[Exercise data — start]

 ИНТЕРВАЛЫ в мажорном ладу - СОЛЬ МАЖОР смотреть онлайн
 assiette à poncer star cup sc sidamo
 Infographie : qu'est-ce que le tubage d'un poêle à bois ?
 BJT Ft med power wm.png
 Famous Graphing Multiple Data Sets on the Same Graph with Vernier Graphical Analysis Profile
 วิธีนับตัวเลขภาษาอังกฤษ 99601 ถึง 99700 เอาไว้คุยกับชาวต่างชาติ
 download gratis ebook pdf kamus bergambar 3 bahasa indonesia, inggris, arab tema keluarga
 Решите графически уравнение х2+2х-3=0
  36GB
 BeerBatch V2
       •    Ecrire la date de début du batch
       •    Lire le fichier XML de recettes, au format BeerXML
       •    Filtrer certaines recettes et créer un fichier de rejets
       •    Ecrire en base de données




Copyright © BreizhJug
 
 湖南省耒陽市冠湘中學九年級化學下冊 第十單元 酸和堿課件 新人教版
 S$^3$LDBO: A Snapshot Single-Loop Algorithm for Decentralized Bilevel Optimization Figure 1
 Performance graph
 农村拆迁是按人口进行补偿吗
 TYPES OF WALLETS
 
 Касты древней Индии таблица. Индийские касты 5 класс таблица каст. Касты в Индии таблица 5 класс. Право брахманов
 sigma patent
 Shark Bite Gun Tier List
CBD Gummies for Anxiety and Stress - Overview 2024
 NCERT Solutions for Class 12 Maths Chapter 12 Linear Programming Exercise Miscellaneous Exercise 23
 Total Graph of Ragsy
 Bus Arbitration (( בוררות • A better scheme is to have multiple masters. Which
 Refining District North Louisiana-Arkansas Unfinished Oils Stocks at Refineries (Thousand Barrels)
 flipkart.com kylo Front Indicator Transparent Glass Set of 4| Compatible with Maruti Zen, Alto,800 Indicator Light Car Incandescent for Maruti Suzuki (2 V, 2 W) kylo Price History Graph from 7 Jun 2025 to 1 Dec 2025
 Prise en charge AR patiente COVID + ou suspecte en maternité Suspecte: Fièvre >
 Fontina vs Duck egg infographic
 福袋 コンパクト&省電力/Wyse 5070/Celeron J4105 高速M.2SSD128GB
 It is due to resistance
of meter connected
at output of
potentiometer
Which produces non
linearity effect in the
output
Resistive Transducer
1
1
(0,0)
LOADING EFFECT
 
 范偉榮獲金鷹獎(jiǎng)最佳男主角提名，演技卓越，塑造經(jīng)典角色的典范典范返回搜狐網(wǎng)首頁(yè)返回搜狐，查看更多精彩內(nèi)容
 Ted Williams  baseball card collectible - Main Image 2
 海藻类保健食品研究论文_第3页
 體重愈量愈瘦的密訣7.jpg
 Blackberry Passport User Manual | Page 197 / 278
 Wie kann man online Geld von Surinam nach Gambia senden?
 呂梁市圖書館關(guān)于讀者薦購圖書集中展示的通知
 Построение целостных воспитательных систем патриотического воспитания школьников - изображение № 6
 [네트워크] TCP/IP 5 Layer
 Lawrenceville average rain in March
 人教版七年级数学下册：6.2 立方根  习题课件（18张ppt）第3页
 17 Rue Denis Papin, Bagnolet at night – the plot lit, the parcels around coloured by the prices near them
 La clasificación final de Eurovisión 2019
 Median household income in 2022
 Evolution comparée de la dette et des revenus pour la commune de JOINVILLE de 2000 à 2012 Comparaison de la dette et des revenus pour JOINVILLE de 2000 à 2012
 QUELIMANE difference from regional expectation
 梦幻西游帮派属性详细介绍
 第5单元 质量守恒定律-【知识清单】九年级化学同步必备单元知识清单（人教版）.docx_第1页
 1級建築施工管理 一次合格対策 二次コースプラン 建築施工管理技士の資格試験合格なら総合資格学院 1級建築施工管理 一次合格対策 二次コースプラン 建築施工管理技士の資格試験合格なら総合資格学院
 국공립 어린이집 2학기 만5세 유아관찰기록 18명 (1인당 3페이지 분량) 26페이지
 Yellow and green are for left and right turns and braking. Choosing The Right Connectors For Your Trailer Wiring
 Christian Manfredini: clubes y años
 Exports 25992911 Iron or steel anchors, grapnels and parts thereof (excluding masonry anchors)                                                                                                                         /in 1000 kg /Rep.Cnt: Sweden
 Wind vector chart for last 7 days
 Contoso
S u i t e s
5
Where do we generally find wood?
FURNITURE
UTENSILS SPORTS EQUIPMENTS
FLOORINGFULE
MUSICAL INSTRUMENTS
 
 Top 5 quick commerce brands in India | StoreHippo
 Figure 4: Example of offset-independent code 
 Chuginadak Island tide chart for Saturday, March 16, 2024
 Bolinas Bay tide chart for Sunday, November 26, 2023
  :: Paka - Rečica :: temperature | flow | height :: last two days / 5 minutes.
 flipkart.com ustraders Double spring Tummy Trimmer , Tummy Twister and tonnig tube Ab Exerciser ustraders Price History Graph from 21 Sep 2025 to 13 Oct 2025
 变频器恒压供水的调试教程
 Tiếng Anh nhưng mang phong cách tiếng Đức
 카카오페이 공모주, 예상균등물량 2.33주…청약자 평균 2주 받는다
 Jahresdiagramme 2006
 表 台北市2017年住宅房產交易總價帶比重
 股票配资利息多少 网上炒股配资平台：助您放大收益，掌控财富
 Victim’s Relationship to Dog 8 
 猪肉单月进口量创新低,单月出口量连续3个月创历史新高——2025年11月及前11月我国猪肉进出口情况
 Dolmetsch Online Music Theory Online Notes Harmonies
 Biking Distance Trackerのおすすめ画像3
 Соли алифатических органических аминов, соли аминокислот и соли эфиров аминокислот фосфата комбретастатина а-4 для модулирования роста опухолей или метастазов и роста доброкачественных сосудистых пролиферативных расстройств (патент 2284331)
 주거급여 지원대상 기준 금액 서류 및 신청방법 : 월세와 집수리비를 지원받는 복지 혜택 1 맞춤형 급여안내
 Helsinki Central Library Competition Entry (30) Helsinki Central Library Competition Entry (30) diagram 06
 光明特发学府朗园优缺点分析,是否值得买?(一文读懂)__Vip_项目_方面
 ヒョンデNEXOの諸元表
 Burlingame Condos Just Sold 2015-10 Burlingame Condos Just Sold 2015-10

[Exercise data — finish]

:: Work order ::
The required answer is each line of the entries containing the string "fichier".

:: Exercise answer ::
       •    Lire le fichier XML de recettes, au format BeerXML
       •    Filtrer certaines recettes et créer un fichier de rejets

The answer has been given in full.